First-principles insights into CO₂ reduction and competing HER on transition metal-loaded Zr₁₂O₁₂ nanocages

The catalytic reduction of CO₂ into value-added chemicals using renewable energy is a promising strategy for effective CO₂ management, but it often competes with the hydrogen evolution reaction (HER). Herein, we present a systematic first-principles investigation of Zr₁₂O₁₂ and M@Zr₁₂O₁₂ ( M = Fe, Co, Ni, Cu, Zn) nanocages to elucidate their potential as photocatalysts for the CO₂ reduction reaction (CO₂RR). We reveal that late 3 d transition metals with partially filled d orbitals (Fe, Co, and Ni) are stably anchored on the Zr₁₂O₁₂ nanocages, whereas Cu and Zn atoms are not stabilized due to their fully filled d orbitals.
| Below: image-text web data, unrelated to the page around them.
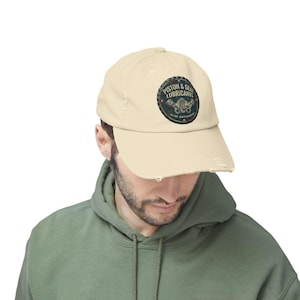 May include: A cream-coloured distressed baseball cap. It features a circular emblem with the text "Piston & Gear Lubricants" and an engine parts graphic. The cap has a worn appearance with frayed edges.
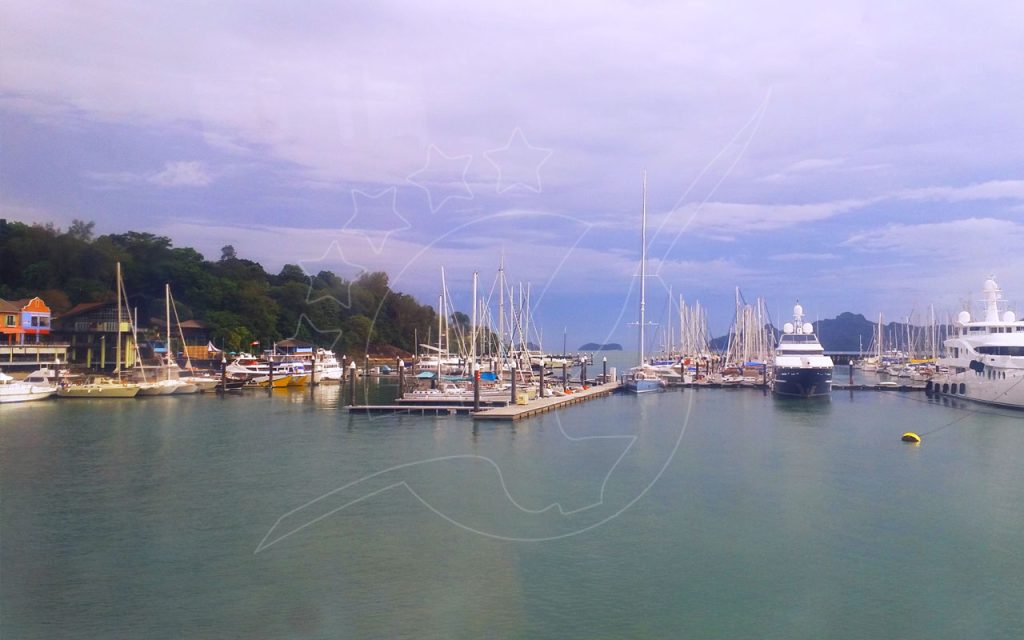 Yachts and sailboats moored at a tropical marina with jetties, forested hillside and calm green water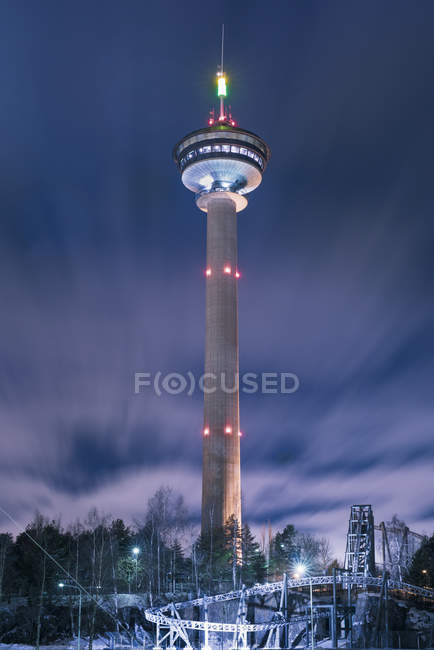 Torre de comunicações iluminada à noite no céu nublado — Fotografia de Stock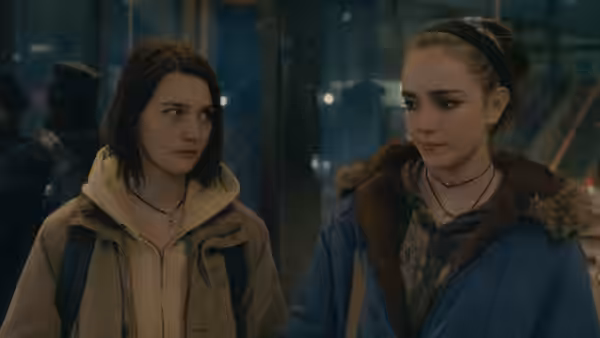 Autumn (Sidney Flanigan) and Skylar (Talia Ryder) walk together through a dim station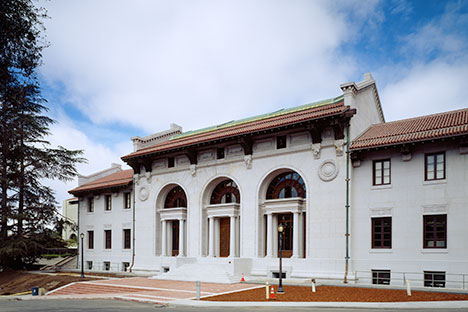 White building with red tile and copper roof and three arched doorways.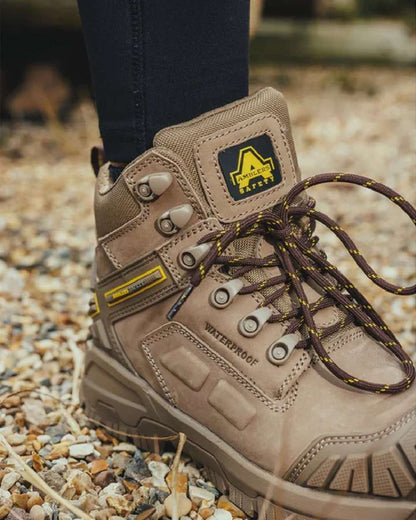 Stone coloured Amblers Safety AS965C Stone Safety Boots on tiny stones background 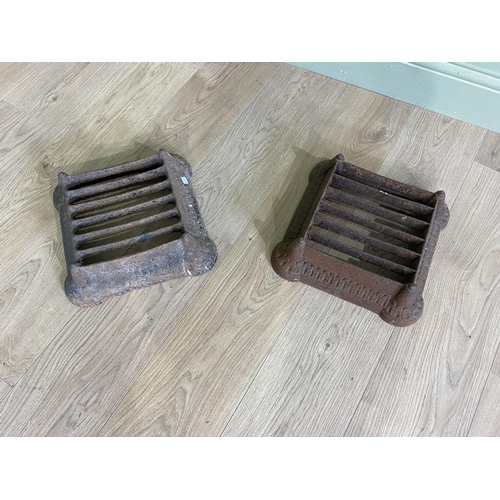 507 - Pair of Victorian cast iron foot scrapers {10 cm H x 32 cm W x 32 cm D}.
The pristine zinc oxide nanocage exhibits a band gap of 2.07 eV and can convert CO₂ to CO under a low potential of 0.71 eV. Loading with Fe, Co, or Ni further narrows the band gap and enhances CO₂ activation. However, CO desorption from Fe@Zr₁₂O₁₂, Co@Zr₁₂O₁₂, and Ni@Zr₁₂O₁₂ is hindered by large energy barriers. Interestingly, Ni@Zr₁₂O₁₂ facilitates spontaneous CO₂ reduction to OCCO, a key intermediate for C₂ products, though its strong H adsorption may block active sites. In contrast, the non-doped cage, and the corresponding Fe@Zr₁₂O₁₂, and Co@Zr₁₂O₁₂ can form OCCO under low external energies, with Fe- and Co-loaded nanocages showing higher CO₂ selectivity over HER. These findings provide atomistic level insights for engineering single-atom Zr-oxide photocatalysts for selective CO₂ reduction to C₂ products.